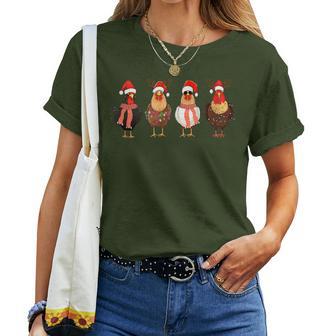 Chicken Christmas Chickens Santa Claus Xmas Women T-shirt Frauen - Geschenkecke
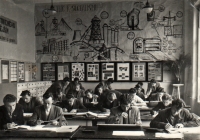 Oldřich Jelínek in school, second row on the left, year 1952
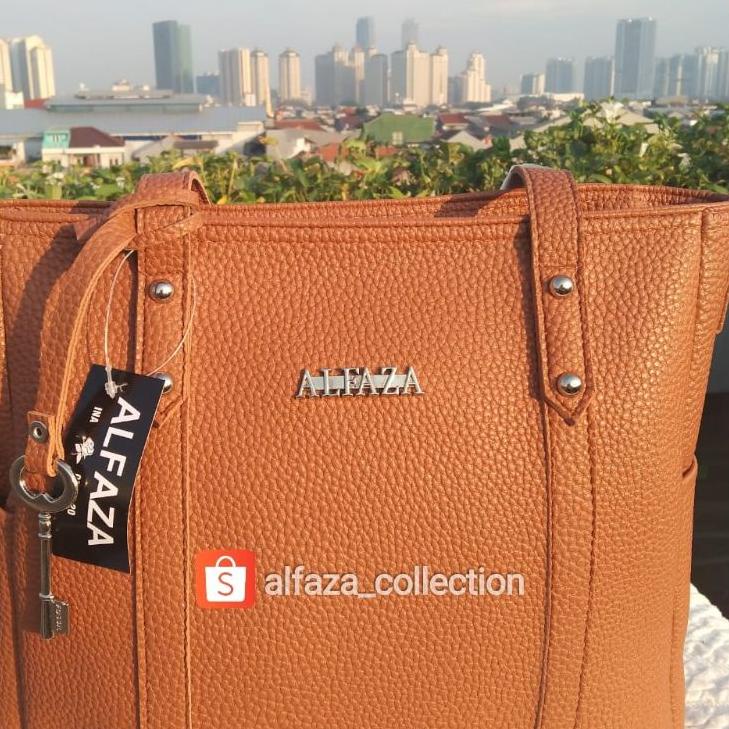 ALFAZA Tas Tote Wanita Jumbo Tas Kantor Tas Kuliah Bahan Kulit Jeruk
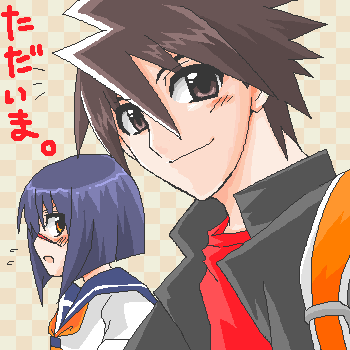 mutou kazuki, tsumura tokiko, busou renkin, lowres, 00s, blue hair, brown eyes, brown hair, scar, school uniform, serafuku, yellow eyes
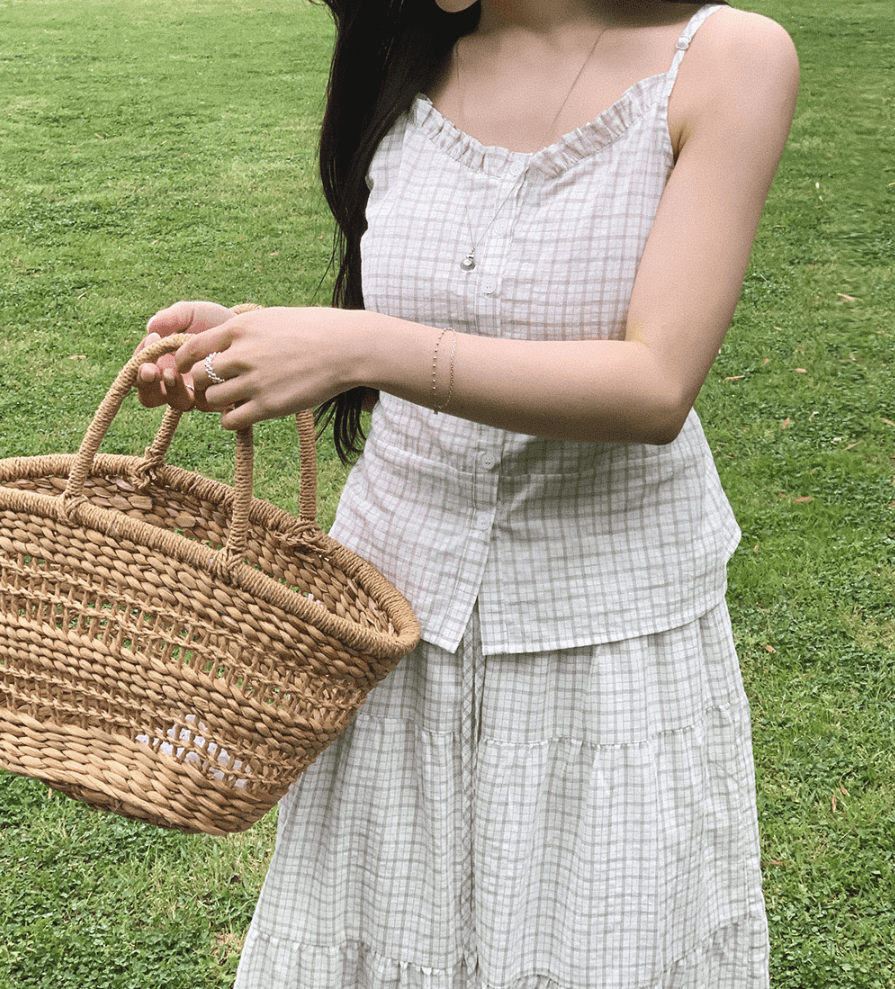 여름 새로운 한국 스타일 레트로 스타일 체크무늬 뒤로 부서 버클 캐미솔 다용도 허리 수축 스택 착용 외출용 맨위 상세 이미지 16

-=-=-

▶ THE TASK: The expected output is the full material above, word for word, without pictures.

▶ YOUR RESPONSE:
 Chicken Christmas Chickens Santa Claus Xmas Women T-shirt Frauen - Geschenkecke
 Oldřich Jelínek in school, second row on the left, year 1952
 ALFAZA Tas Tote Wanita Jumbo Tas Kantor Tas Kuliah Bahan Kulit Jeruk
 mutou kazuki, tsumura tokiko, busou renkin, lowres, 00s, blue hair, brown eyes, brown hair, scar, school uniform, serafuku, yellow eyes
 여름 새로운 한국 스타일 레트로 스타일 체크무늬 뒤로 부서 버클 캐미솔 다용도 허리 수축 스택 착용 외출용 맨위 상세 이미지 16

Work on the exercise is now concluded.